Slow motion's a simple idea, but the concepts behind it aren't always as simple as they seem. Phil Rhodes takes a quick look at the science of slowing things down.
"Slow Motion" sounds pretty simple, doesn't it? But the terminology is counter-intuitive – I mean, “high speed” camerawork makes things appear to move slowly? It's not the most obvious choice of words. Then again, we also have techniques to make things appear to move quickly, and we call that “under-cranking”, which is less than the most obvious way to describe what's going on, especially as cameras haven't routinely been hand-cranked for decades.
That said, it isn't a difficult technique to understand. To view any event in slow motion we can simply play back the frames of film or video footage at a slower speed than they were recorded, and that's possible no matter what speed they were shot at. Most people will be aware, though, that recording a scene at 24 frames per second and playing it back at six might give you a slow motion effect in which everything takes four times longer to occur, but it won't give you an illusion of fluid motion.
Speeding up to slow down
Even if we take 24fps as our benchmark for smooth motion it's clear that we can't produce convincing, fluid slow motion simply by slowing down playback; instead, we need to shoot more frames to begin with, which is where the phrase high speed comes from. A camera such as the Sony FS700 will shoot at 240fps which, when played back at 24fps, results in things moving at one tenth the usual speed.
So far, so straightforward, but it's this requirement to record scenes at very high framerates that makes this an interesting issue. It wasn't long ago that merely shooting HD resolutions at normal frame rates was a technological challenge, so it should be clear that doing the same thing at high or very high frame rates can still present problems that are only solvable with technology that's exotic and rare enough to be expensive. Back when this sort of work could only be done on film, at least at resolutions suitable for theatrical release, costs were ferocious, with 35mm film stock thundering through the gate at a rate sufficient to make the production accountant whimper like a frightened puppy.

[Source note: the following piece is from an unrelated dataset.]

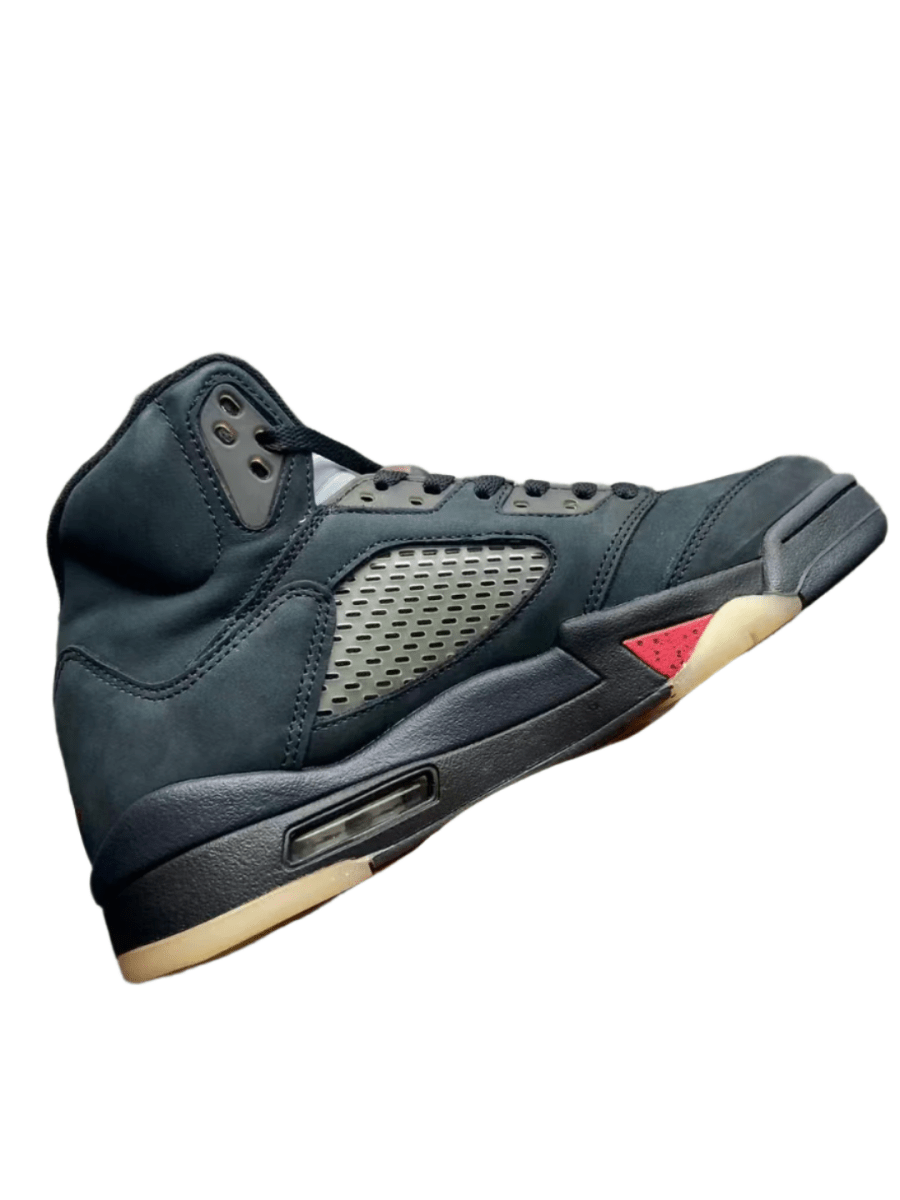 Air Jordan 5 "Anthracite" - Phantom Kicks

The very first device directed at filmmakers which was capable of shooting video at rates significantly in excess of those used for broadcast TV was probably the Panasonic Varicam. While limited to 720p resolution, it offered rates up to 60fps, suggesting it was aimed at sports coverage, which is often broadcast at 720p60. This was useful for music videos but not much to write home about if you happen to be making a sequel to The Matrix. Panasonic's later HVX-200 camera was widely viewed as the affordable, low-end equivalent to the Varicam, and was widely purchased for its 60fps capabilities even though it was otherwise not famous for producing excellent images.
Now, the FS700 and the Canon C500 are among the first non-film cameras to offer what we might call proper slow motion in a package that costs less than a very nice car, and we can probably expect to see a rash of slow motion on Vimeo over the next year or two, much as very shallow depth of field was perhaps a bit more popular than it should have been after the Canon 5D mark 2 became popular.